**Exercise objective**
Repeat, line for line, only the span that opens at the "Mesa Auxiliar Redonda" line and closes at the final line below. Skip the pictures.

[Caption-style text data]
•••

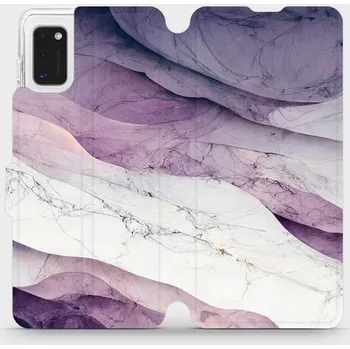 Pouzdro na mobilní telefon Flipové pouzdro Mobiwear - Samsung Galaxy A41 - VP31S Bílý a fialový mramor (Knížkové flip pouzdro, obal, kryt na mobil Samsung Galaxy A41 - VP31S Bílý a fialový mramor, materiál Umělá kůže + TPU - ochrana 360°, stojánek, silikonová vanička, magnetické)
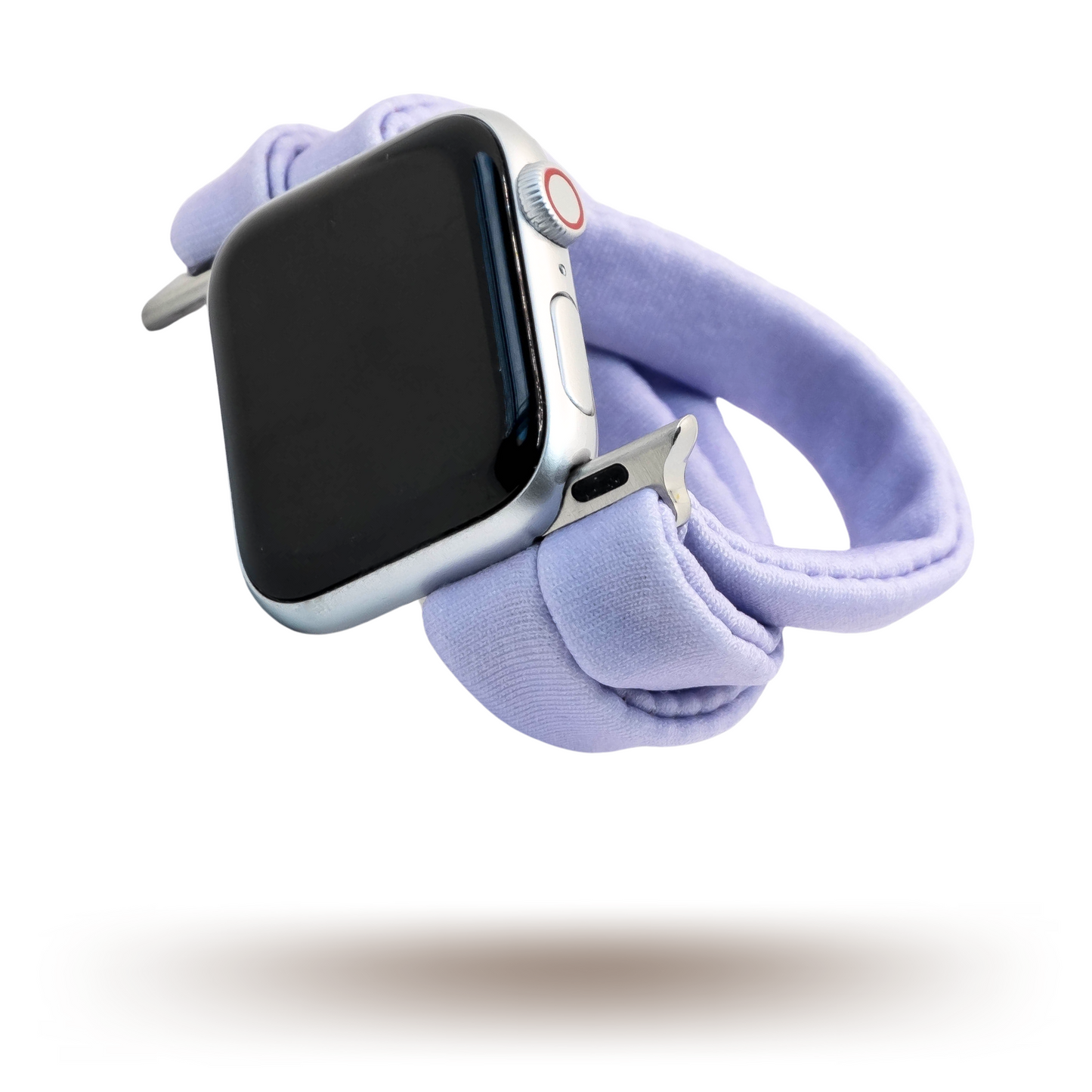 Faded Lilac Yoga Band® in a bright pastel light purple knit fabric. A breathable, stretchy watch strap with a patent-pending design compatible with Apple Watch, Fitbit, and Samsung Galaxy models.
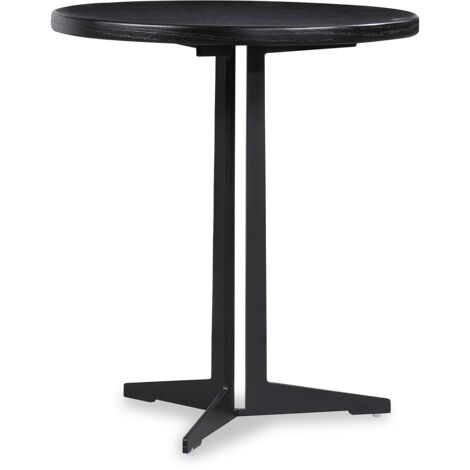 Mesa Auxiliar Redonda Pärumm Big Oslo 50x53 cm de Madera y Metal Negra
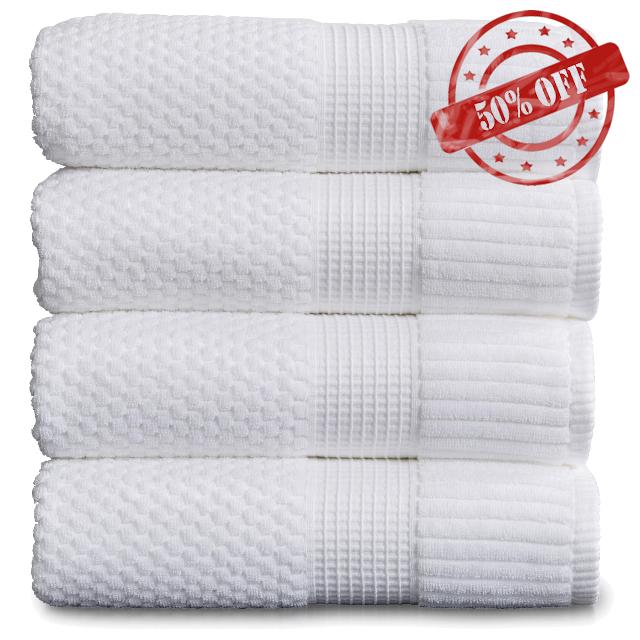 Springtree Home 4 Pack 100% Cotton Bath Towels | White Towels | Oeko‑TEX Standard 100 | Soft & Absorbent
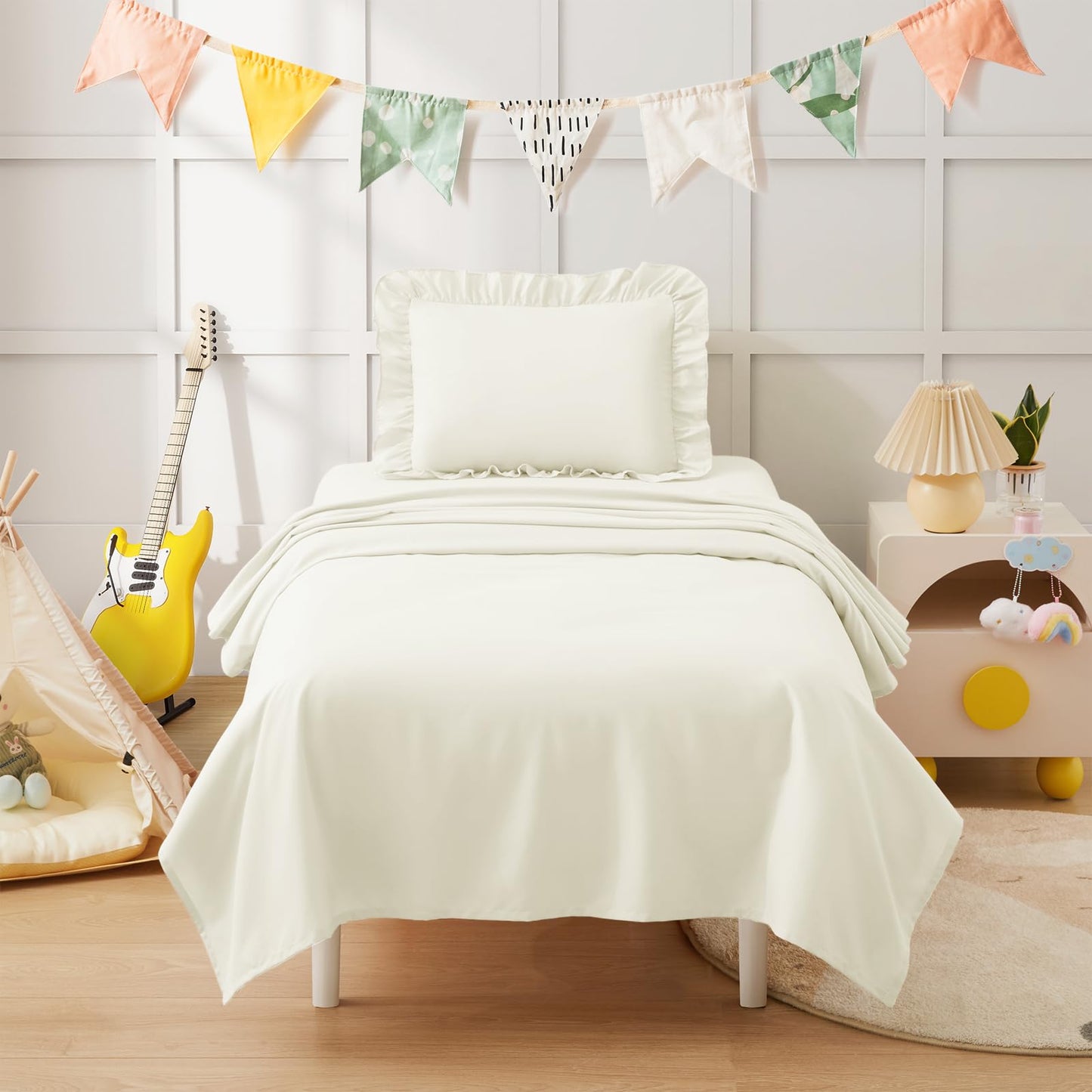 KKJIAF 3 Piece Toddler Sheet Set Microfiber, Includes a Flat Sheet, a Fitted Sheet and a Ruffle Pillowcase, Beige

•••

**Solution to the problem**
 Mesa Auxiliar Redonda Pärumm Big Oslo 50x53 cm de Madera y Metal Negra
 Springtree Home 4 Pack 100% Cotton Bath Towels | White Towels | Oeko‑TEX Standard 100 | Soft & Absorbent
 KKJIAF 3 Piece Toddler Sheet Set Microfiber, Includes a Flat Sheet, a Fitted Sheet and a Ruffle Pillowcase, Beige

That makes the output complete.